Segment Start: GIVEN INFORMATION

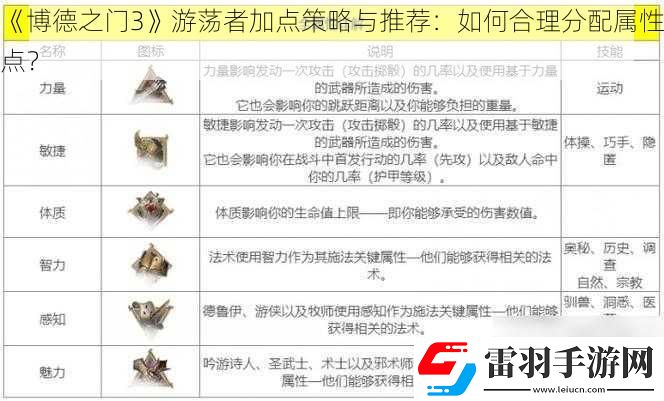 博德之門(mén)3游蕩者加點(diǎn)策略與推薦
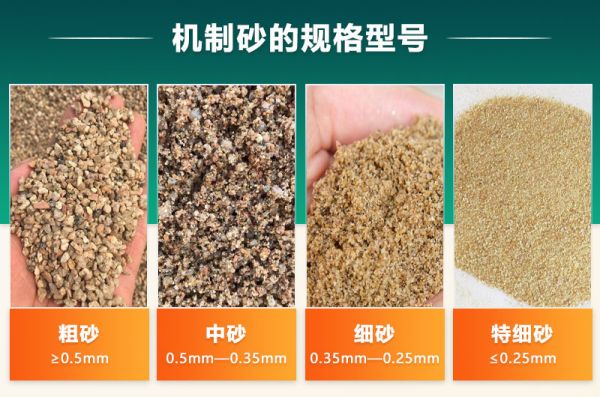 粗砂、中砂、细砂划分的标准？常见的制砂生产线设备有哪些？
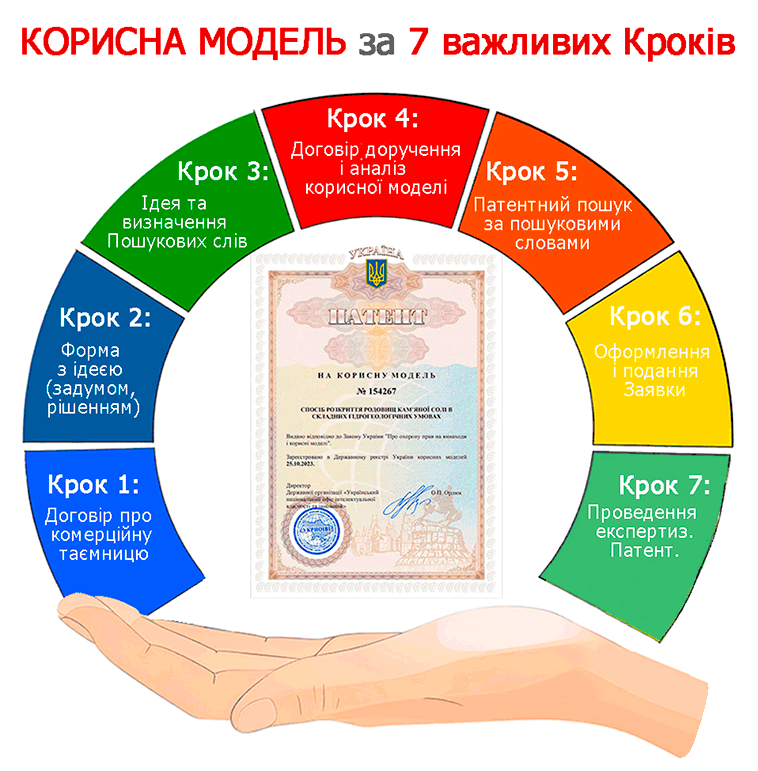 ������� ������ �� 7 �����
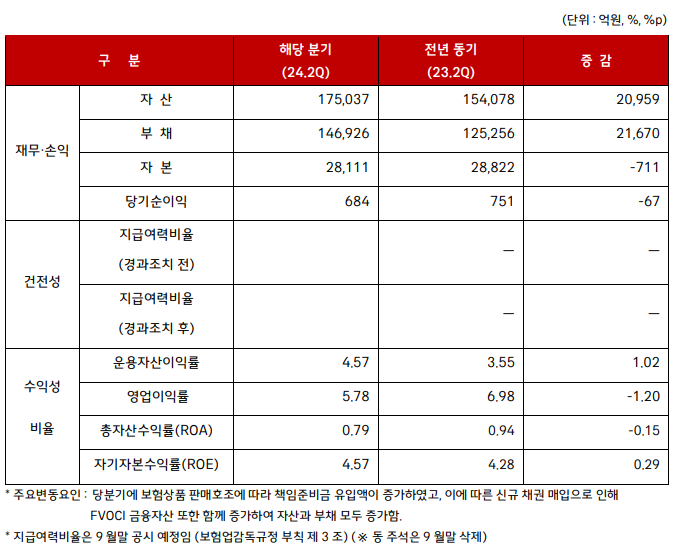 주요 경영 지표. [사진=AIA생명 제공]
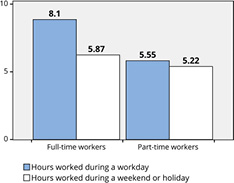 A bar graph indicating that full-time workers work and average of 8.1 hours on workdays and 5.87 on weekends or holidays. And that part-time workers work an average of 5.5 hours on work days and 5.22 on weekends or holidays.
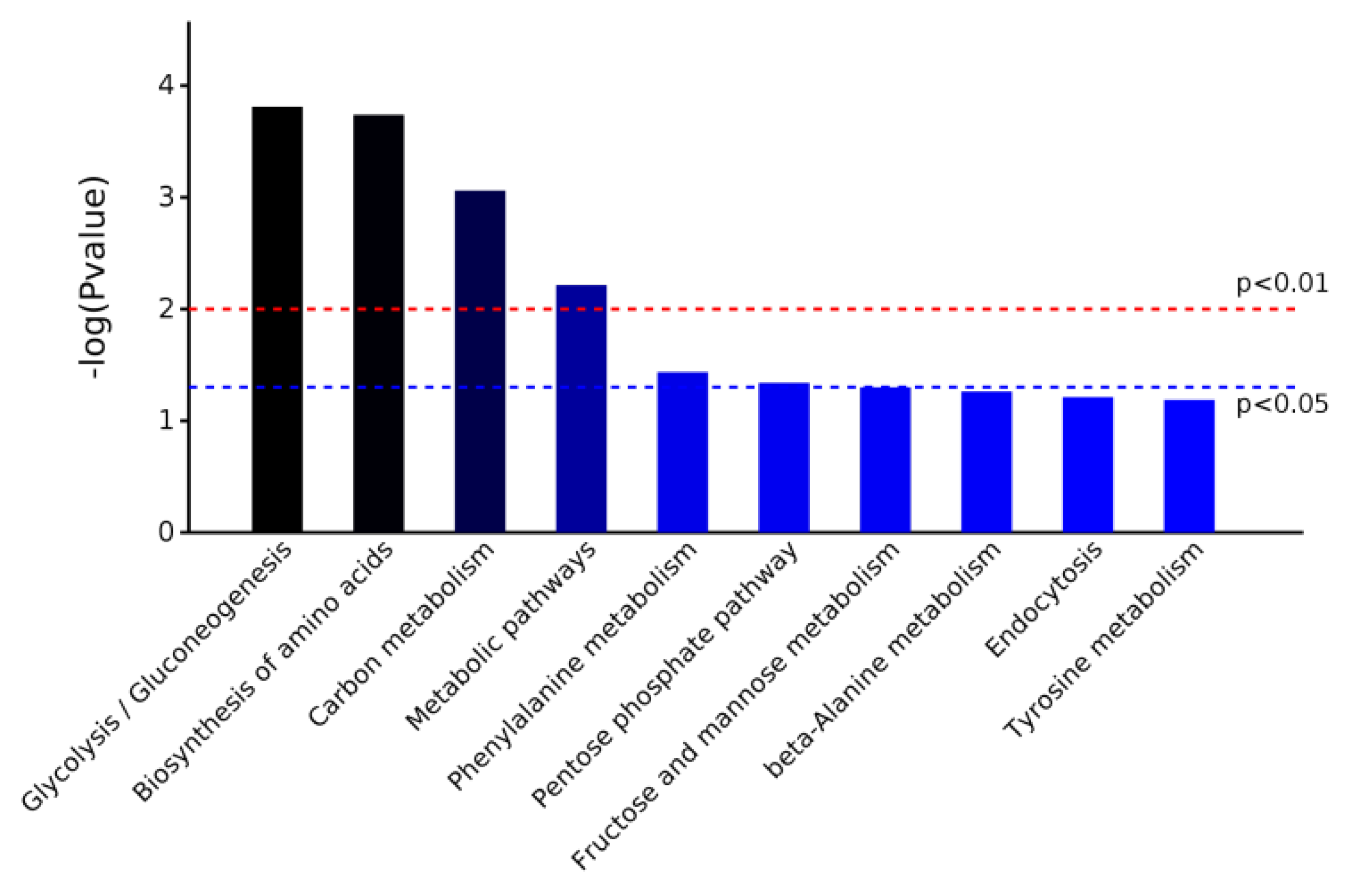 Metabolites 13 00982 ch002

Segment End: GIVEN INFORMATION

• TASK
All entries, top to bottom, should be retyped exactly; the pictures should not be.

• RESULT FOR THIS EXERCISE
 博德之門(mén)3游蕩者加點(diǎn)策略與推薦
 粗砂、中砂、细砂划分的标准？常见的制砂生产线设备有哪些？
 ������� ������ �� 7 �����
 주요 경영 지표. [사진=AIA생명 제공]
 A bar graph indicating that full-time workers work and average of 8.1 hours on workdays and 5.87 on weekends or holidays. And that part-time workers work an average of 5.5 hours on work days and 5.22 on weekends or holidays.
 Metabolites 13 00982 ch002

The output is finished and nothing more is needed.